Son günlerde Azerbaycan ordusunun kendi topraklarında askeri tatbikat yapması Ermenistan’ı rahatsız etmiş, bölge tekrar sıcak gelişmeler yaşamıştır. BM Güvenlik Konseyi 822 sayılı kararı 30 Nisan 1993 yayımlandı. Buna göre, derhal ateşkes yapılmalı ve Ermeni birlikleri işgal ettikleri Azerbaycan topraklarını boşaltmalı, denmesine rağmen bir değişiklik görülmemektedir. Azerbaycan ve Türkiye bu zillete elbette razı olmaz.
Karabağ’ın Emirdağ halkı ile soy birliği bulunmaktadır. Bu vesileyle konuya temas etmekte fayda görüyorum.
Kayıtlarda Karabağlu, Karabaği olarak geçen Karabağ oymağı, Boz-ulus’a bağlı olup Önce Orta Anadolu’ya, sonra Barçınlı Kazası Sivri Karkın Köyü’ne yerleştirilmişlerdir. Ancak buranın su ve otlağının yetersiz olması nedeniyle Sivrihisar yöresine gönderilmişlerdir. Burada da eşkıya zulmüne uğradıkları hususunda şikayette bulunmaları üzerine Tavulga (Davulga), Alikan (Alikel) ve Göl-i Karabaği (Bolvadin-Büyük Karabağ Kasabası) köylerine iskan edilmişlerdir.
1540 kayıtlarına göre oymağının bir kolu Aydın, bir kolu ise İçel Yörüklerine karışmıştır.
Karabağ oymağı Karluk Türkleri’ne kadar dayanır. Divan-ı Lügat’it Türk’te Karluk,’’ Göçebe Türklerden bir bölük adıdır. Oğuzlardan ayrıdırlar. Oğuzlar gibi Türkmen’dirler.’’ biçiminde geçmektedir.
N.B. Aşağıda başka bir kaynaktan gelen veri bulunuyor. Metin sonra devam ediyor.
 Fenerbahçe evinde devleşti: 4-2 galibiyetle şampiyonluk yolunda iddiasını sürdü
Karluk, kar yığını anlamındadır.
Karlukların üç ana oymağından birisi olan Karabağ, 10. asrın sonlarında bir Türkmen bölgesi olan Mankışlak’tan batıya doğru göçmüşlerdir. Uzun yıllar Erzurum’u yaylak, Musul’u kışlak olarak kullanmışlardır. Eyyubi Devleti’nin kuruluşunda yer almışlardır. Selahattin Eyyubi’nin Karabağ Türkmen’i olduğuna dair kuvvetli kanıtlar vardır.
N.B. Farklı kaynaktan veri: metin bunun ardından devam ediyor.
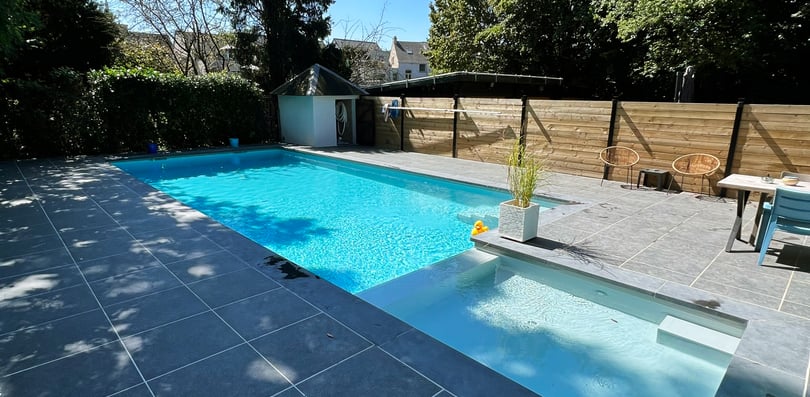 inspiratie zwembad laten plaatsen in tuin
Bu devletin yıkılmasından sonra bir kısım Karabağ,Kafkasya-Erran, bir kısmı da Diyarbakır-Musul bölgesine gider. Zamanla Erran bölgesinin adı Karabağ, oymağın adı da Karabağlı olur.Erran bölgesi 16.yüzyılda Osmanlı toprağına katılır. Bu yüzyıldan sonra Anadolu’ya göçler hızlanır. Karabağ oymağının yöremize iskanı 1540’tan itibaren başlar.
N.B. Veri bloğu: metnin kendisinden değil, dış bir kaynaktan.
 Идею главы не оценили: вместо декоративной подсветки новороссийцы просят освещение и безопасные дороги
Cevat Han’nın Ruslara yenilmesinden sonra da göçler devam etti.
1735`te Nadirşah döneminde İran merkezi hakimiyeti zayıfladı. İran Türkleri, Nadirşah rejiminden ayrılarak 20 hanlık kurdular. Her biri küçük ama özgür birer devletti. Bunlar daha sonra bir araya gelerek Azerbaycan`ı kurmak amacıyla oluşturulmuş hanlıklardı. Bu hanlıkların Osmanlı Devleti ile de sıkı ilişkileri vardı ve Türklüklerinin farkında olan hanlıklardı. Ama Rusya`nın Güney Kafkasya`yı işgali ile bu hanlıkların bir araya gelerek bir Türk Devleti kurmaları engellendi. Hanlıkların onu İran`ın içinde kaldı. Onu Rusya`nın eline geçti.
Ruslarla ilk karşılaşan Gence Hakimi ( Hanı) Cevat Han olmuştur. Kaçar neslinden de olan Cevat Han`ın İran tahtına oturma şansı da vardı. Fakat O, bağımsız Gence, bağımsız Azerbaycan için ölmeyi tercih etti.
Cevat Han, 30 bin kişilik Rus ordusuna karşı Gence`yi bir avuç silahlı kuvveti ile savundu. Rus ordusunun aylarca süren tecridine rağmen Gence`yi terk etmeyen Cevat Han, bu kararlılığını Rus Komutanı Sifyanov`a gönderdiği haberde şöyle ifade ediyordu: ‘’Gence Şehrin anahtarlarını size vermektense ölmeyi tercih ederim. Gence`yi almak için hem benim cesedimin hem oğullarımın cesetleri üzerinden geçmeniz gerekir.’` Aynı Cevat Han, Gürcü Çarı’na gönderdiği haberde ise adeta bugünleri görerek şöyle diyordu: `’Kafkaslara Rus ordusunu çağırmakla yanlış yaptınız. Sizler 200 yıl geçse bile Rusları Kafkaslardan çıkaramayacaksınız. `’ Cevat Han, Gence`de kendisi ile savaşan general Sifyanov`a savaş meydanında şöyle sesleniyordu: ‘`Seni buraya ecelin getirdi. `’ Cevat Han, Rus General`in eceli olamadıysa da, aynı Rus generalinin eceli Bakü Hanı Hüseyin Kuluhan`ın elinden olacaktı.
Cevat Han ve oğullarının şehit olmasından yaklaşık 114 sene sonra özgür Azerbaycan`ın özgürlük bayrağı ilk önce Gence`de dalgalandı. Ve ilk başkent Cevat Han`ın Gence`si oldu. Bugün bağımsız Azerbaycan`ın Gence`de dalgalanan ilk özgürlük bayrağı dalgalanmaya devam ediyor.
Emirdağ’ın; Davulga, Eşrefli, Yeniköy, Aliçomak, Bademli, Avdan, Gelincik, Karakuyu, İncik, Daydalı ve Alikan köyleri Karabağ Türkmen’i olup büyük çoğunluğu Eskişehir’de yaşamaktadır.